Questo episodio arriva ad una settimana esatta dai colpi di mitraglietta sparati contro il deposito auto della Sicily By Car in via San Lorenzo. In quella circostanza un commando di tre persone è arrivato con una Lancia Y10 nera rubata davanti alla rimessa e una volta dentro ha sparato circa 30 colpi d’arma da fuoco danneggiando quattro auto. Alcuni proiettili hanno colpito anche case e ville della zona. conficcandosi nei tetti e nei muri esterni. I tre componenti del commando poi sono stati costretti a fuggire via a piedi poiché l’auto con cui erano arrivati davanti al deposito non ripartiva più come è emerso dagli accertamenti degli investigatori.

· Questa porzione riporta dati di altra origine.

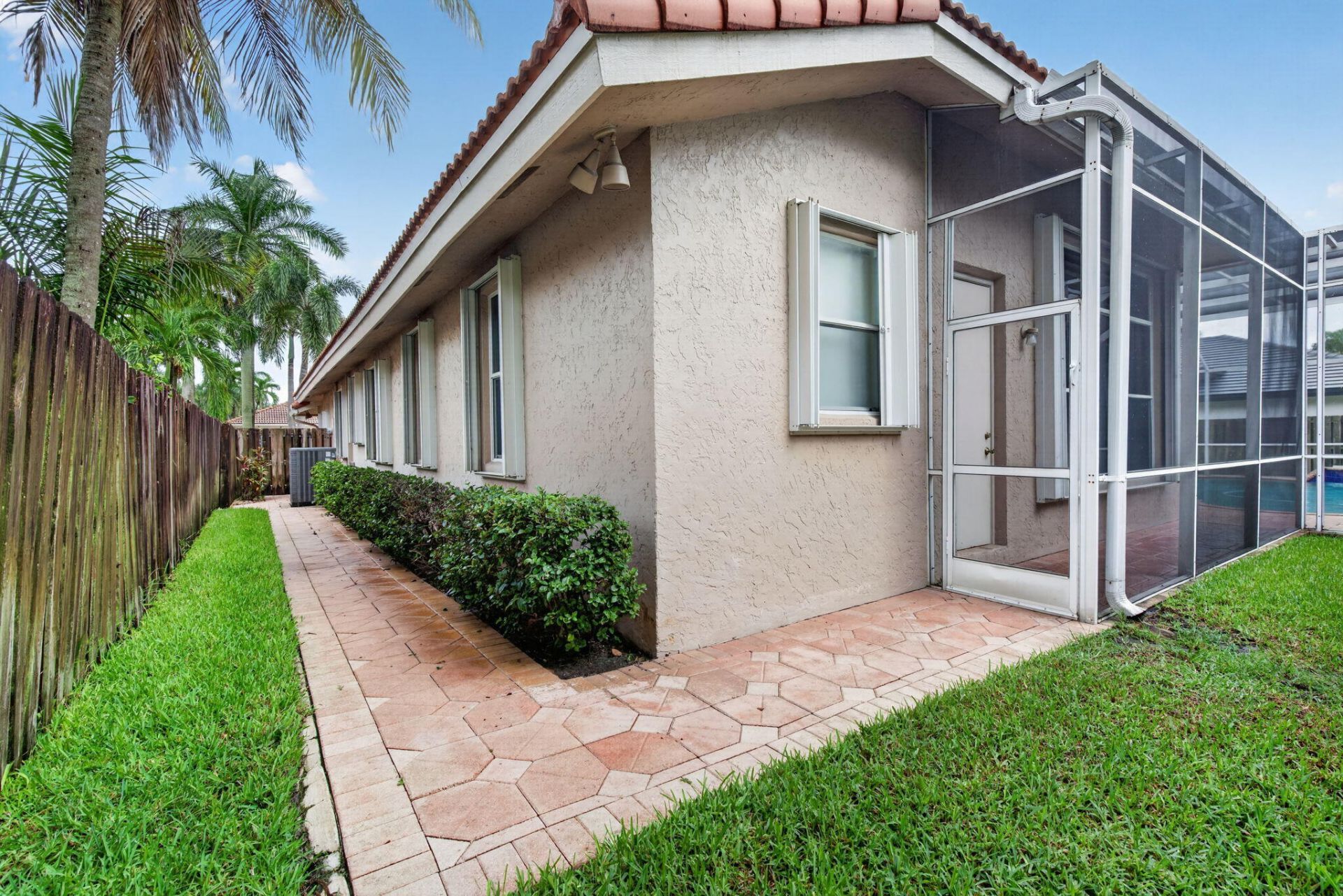 77 NW 108th Way, Plantation, FL 33324 Photo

Clienti di un locale vicino hanno assistito al raid
A lanciare l’allarme sarebbero stati dei clienti di un locale che si trova accanto al deposito i quali hanno visto il momento in cui i tre malviventi sono entrati in azione.
Tommaso Dragotto ascoltato dai carabinieri
Le telecamere interne al deposito non avrebbero filmato i tre mentre sparavano i colpi, particolare al vaglio degli inquirenti. Nel frattempo il titolare di Sicily by car Tommaso Dragotto ha escluso che si possa trattare di intimidazione mafiosa, pensa più a qualche “bravata”. I carabinieri continuano ad indagare senza trascurare nessun elemento.